Percebi que era uma visita que o Major não desejava, pelo menos enquanto se mantivesse por ali. Julgo que terá sido o momento em que, por fim, sentiu a insegurança que todos nós vínhamos sentindo havia largos meses, por via do isolamento em que nos encontrávamos.
Contudo, após mais uma ou duas censuras lá anuiu e acalmou. Durante todo o dia não se falou mais no assunto mas sentia-se que o Major tinha ficado incomodado.
Escureceu.
Logo a seguir ao jantar, solicitei a um dos Alferes que levasse o nosso Major para junto das casernas onde os militares se acomodavam para dormir. Intrigado o Major deixou-se conduzir, sempre naquele seu ar de latifundiário com boa vida, mãos atrás das costas e passos lentos despreocupados.
No silêncio da noite fiz explodir uma granada ofensiva nas proximidades das casernas. O estrondo naquele silêncio nocturno soou demolidor.
Foi um pandemónio. O Major quase foi atropelado e teve que se proteger. Em menos de um minuto as casernas ficaram vazias e todos os soldados ocuparam os seus postos de combate. Peguei no Major e convidei-o a percorrer comigo todos os abrigos. Parte dos soldados, ou estavam em cuecas e descalços, ou em tronco nu, mas de cartucheiras à cintura e a espingarda na mão. O Major não balbuciou uma palavra, nem voltou mais a falar no assunto. Apenas me respondeu quando, perante aquele quadro, lhe disse:
- Meu Major; é que não estou propriamente à espera que o inimigo me apareça e eu tenha tempo de mandar o corneteiro tocar a alertar porque nos vão atacar...!
- Pois. Mas sempre era bom que conhecessem o toque...
- ... ?!!

In “Capitães do Vento”, Roma-editora.

2 comentários:

Gabriel Costa disse...

Este Major Tamegão era um tipo catita. Certo dia, dee passagem pela N'riquinha, quis ir á caça e lá me calhou como companhia. Lá conseguiu matar uma espécie de mocho gigante com uma arma que montou a partir de um estojo que trazia consigo. Era uma arma checa que, de pistola, se transformava em espingarda com o acrescento de um cano e a aplicação de uma coronha. Parecia um miúdo, tal foi o seu contentamento. Não gostava de negros e não podia com o Araújo, um cabo-verdeano, dos poucos que havia na companhia.
Um dia, já com a companhia nas Mabubas e com o comando do batalhão na fazenda Tentativa, estava o major Tamegão junto do comandante quando este se queixava das melgas que, eram tão ferozes, que o mordiam mesmo através do tecido das calças. O major Tamegão, muito rápidamente, atira: "A mim não, meu comandante.

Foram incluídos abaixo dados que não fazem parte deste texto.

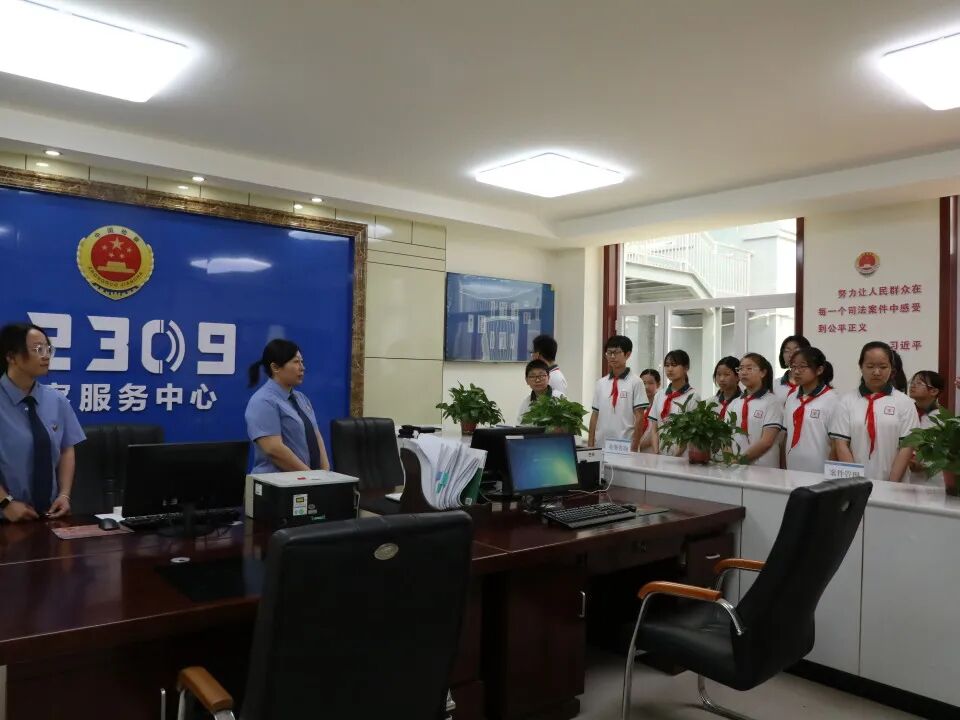 受邀人员集中参观了武强县检察院12309检察服务中心,公益诉讼指挥中心
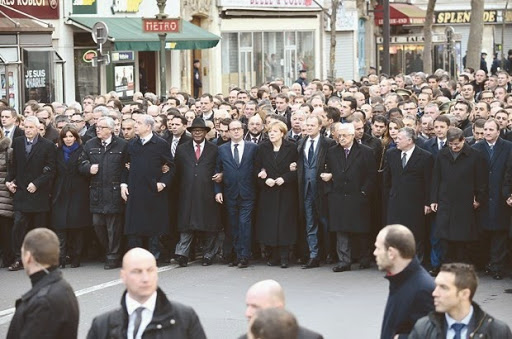 Le Maroc absent à la marche mondiale en France contre le terrorisme, Le pari raté du roi
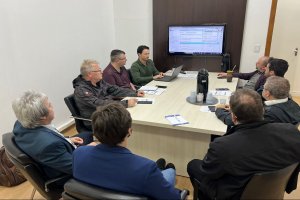 Comiss&atilde;o de Acompanhamento do rompimento do contrato com a Casan re&uacute;ne-se na Prefeitura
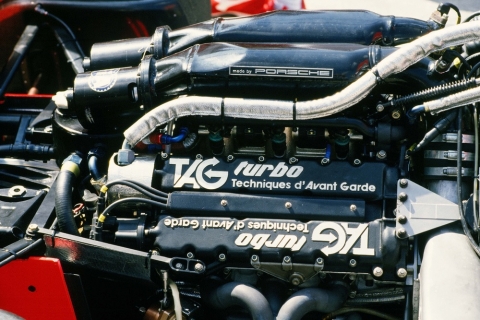 211115 Porsche F1 motor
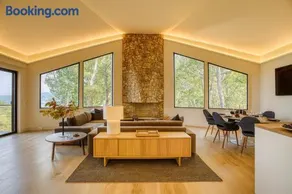 Blue Ridge Mountains - Luxury Mountaintop Escape - Hot Tub & Epic Views - Image 2
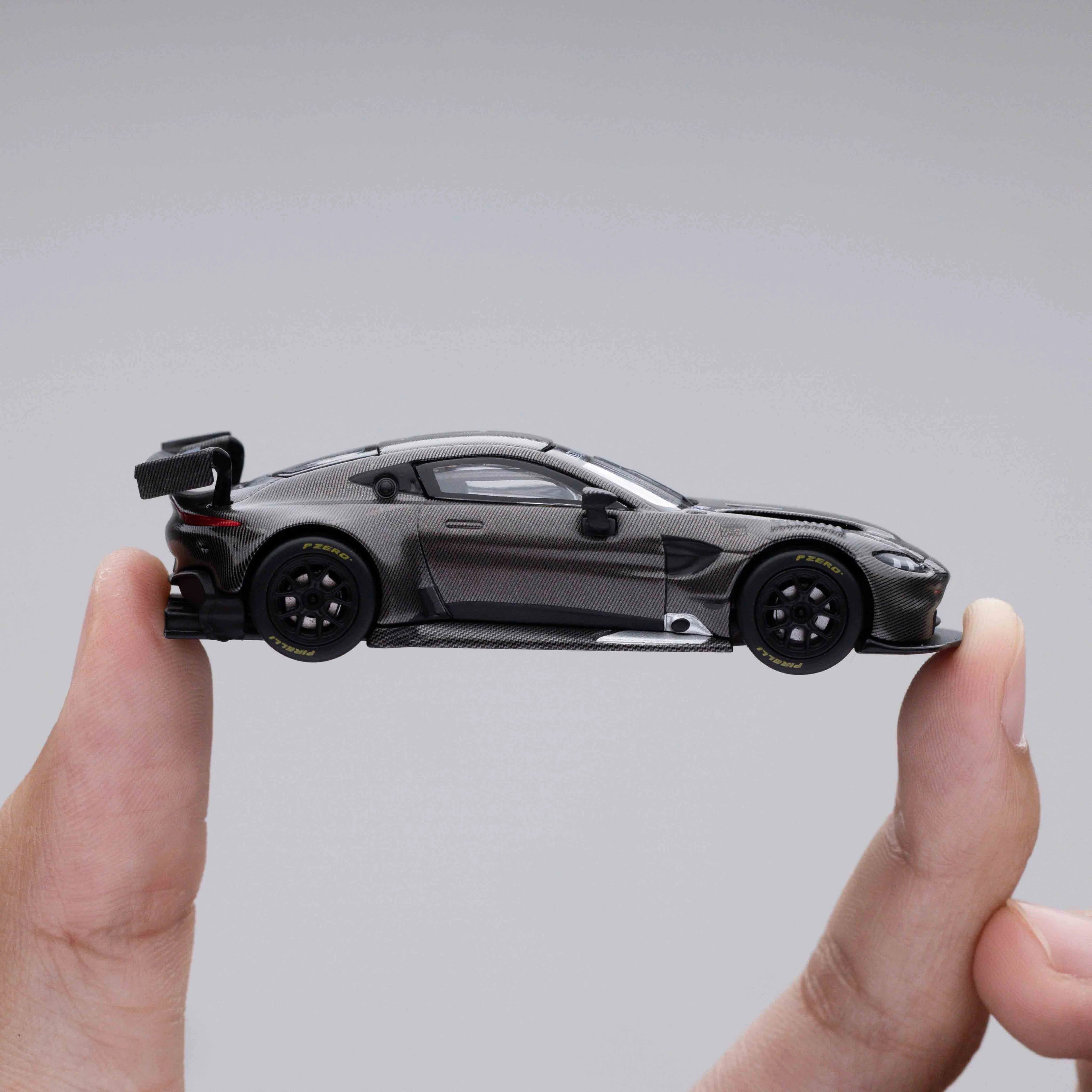 POP RACE 1:64 ASTON MARTIN VANTAGE GT3 CARBON EDITION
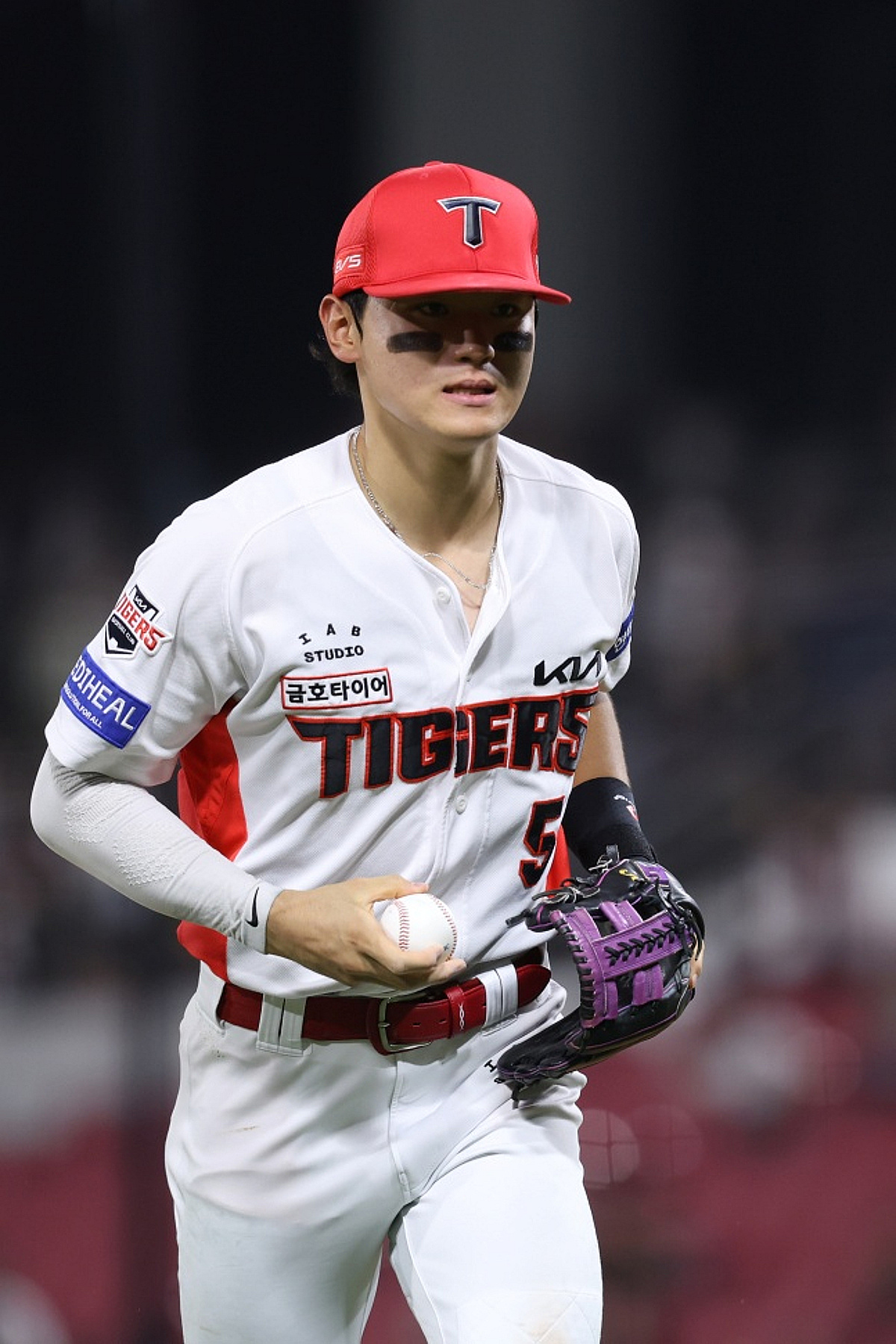[공식발표] '코뼈 골절' 김도영, 일단 수술받았다→11일 퇴원 예정 "복귀 시점은 회복 후 판단"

A mim não me mordem através das calças". Tinha razão: estava de calções|

Egidio Cardoso disse...

O Major Tamegão era o que hoje se poderia apelidar de "um cromo", era o motivo ideal para uma anedota.
Se todos os que com ele lidaram se lembrassem de escrever as suas máximas, teríamos certamente um best seller de humor militar.
A história do TOQUE a INIMIGO é verídica e ilustra a falta de bom senso do homem. Creio que demonstra que ainda não percebera as características da guerra colonial.
Continuava agarrado às teorias de compêndio que fora assimilando ao longo da sua longa carreira militar.
Era conservador, pouco iluminado, retrógrado, caricato, mas não deixava, por isso, de ser um bom homem, como aliás referi na história, “COMANDANTES” publicada neste blog em Setembro de 2009.